A Mississippi man faces life in prison for detonating a home-made bomb at Walmart, after the retail giant said it would no longer carry items bearing the image of the Confederate flag. No one was hurt in the incident, which happened in Tupelo on Sunday (Nov. 1).
The man, Marshall Leonard, allegedly got out of his car, lit a package and threw it in the vestibule, according to Tupelo Police Chief Bart Aguirre. “There was an employee on break, and the suspect told him, ‘You better run,’” he told the Tupelo Daily Journal. “It wasn’t a large explosion. It didn’t cause a lot of damage to the store.”
Leonard was arrested after a traffic stop, and faces a life sentence if convicted.
Leonard was an outspoken proponent of the Confederate flag. He wrote on the Daily Journal’s Facebook page last week that the paper was on “final warning.” “You are part of the problem. As a result of this, y’all are going down, along with Walmart, WTVA, Reeds department store, and all the rest of the anti-American crooks. I’m not kidding. No messing around anymore!”

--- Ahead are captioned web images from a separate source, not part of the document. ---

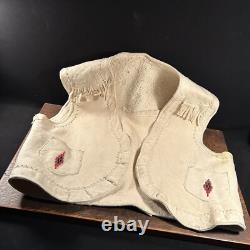 Vintage Antique Native American Leather Indian Beaded Vest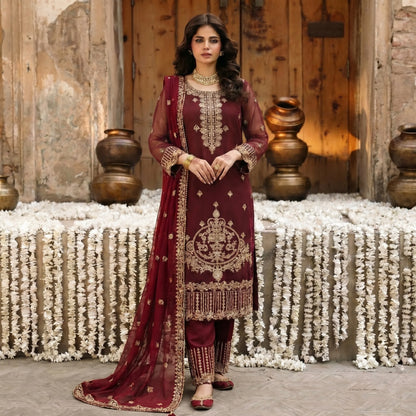 U-73 3 Pc women's Embroidered Chiffon salwar kameez Pakistani Indian fashion Traditional Womenswear Festive collection-UMNAA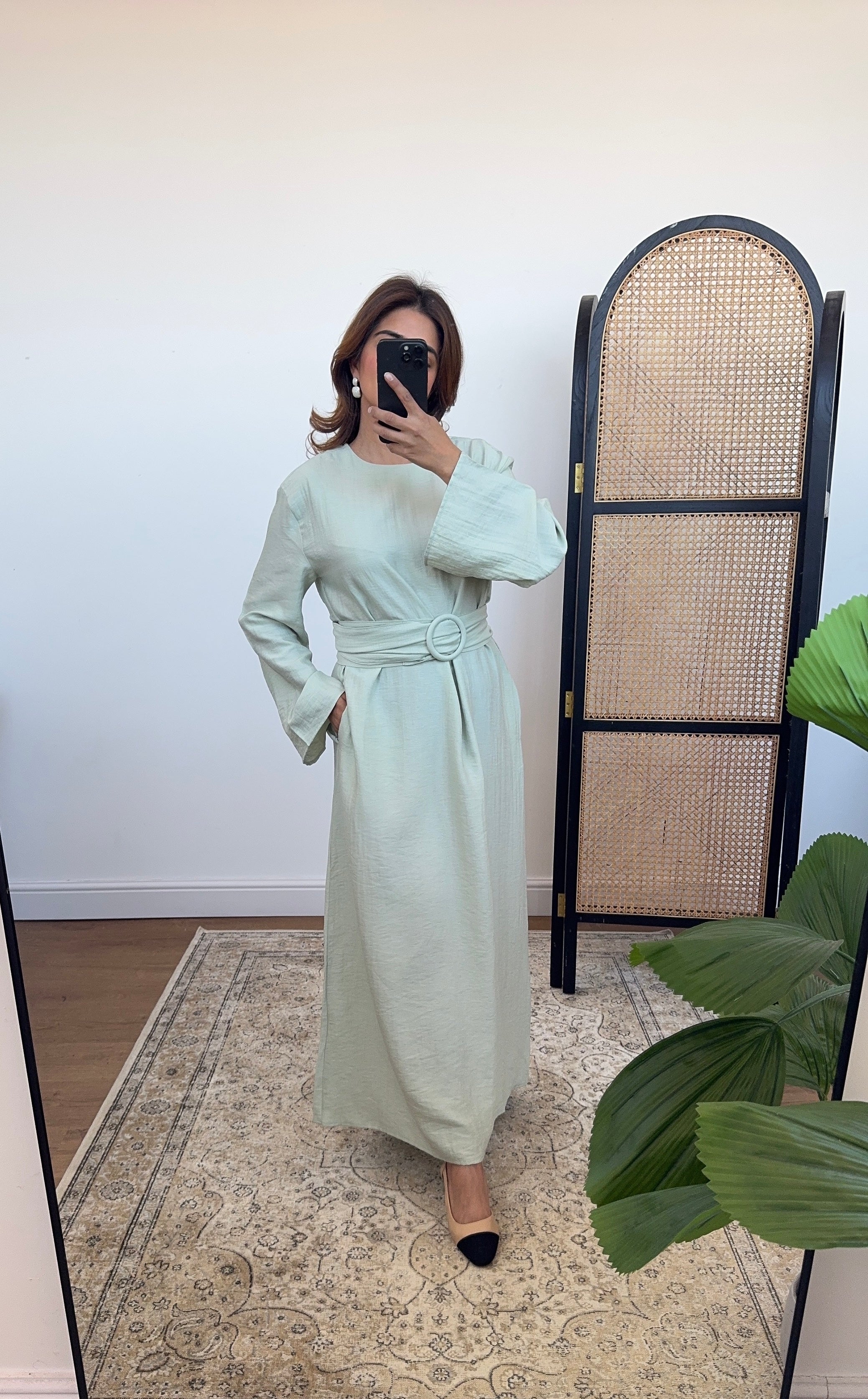 ROBE LIN MÉLANGE SAUGE AVEC CEINTURE - NARIA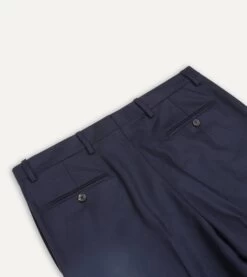 Navy Wool Flannel Flat Front Trousers -Drakes Shop DR2A6D21379 01250 4
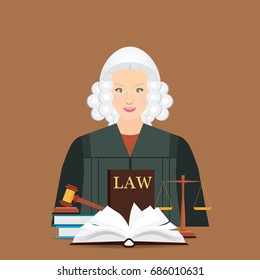 Female judge in wig with Law and justice set icon, Scales of justice, gavel and books in flat style, Conceptual justice and law Vector illustration.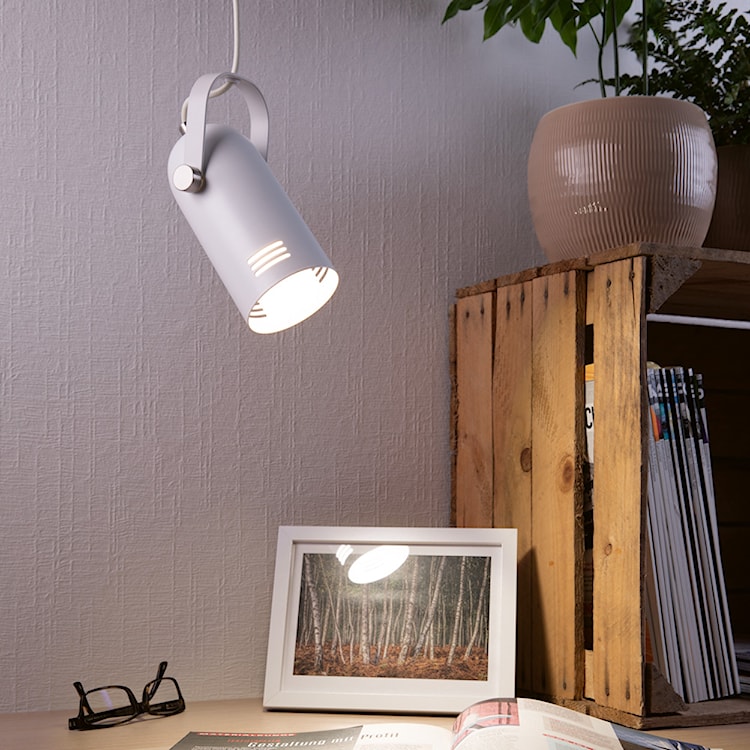 Lampa wisząca Nibbler w formie reflektora biała  - zdjęcie 3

The Confederate flag has become a subject of a heated national debate after a shooting of nine people at a historic black church in Charleston, South Carolina. Photos of the alleged shooter, Dylann Roof, posing with Confederate symbols surfaced online shortly thereafter. Many businesses, including Walmart, banned Confederate flag merchandise, an local authorities and lawmakers across the country decided to take the flag down from government grounds.
University of Mississippi students voted last month to ask the university to remove the state flag, which includes the Confederate emblem, from campus. Mississippi governor Phil Bryant said last week that the state should hold a referendum on changing the flag in 2016.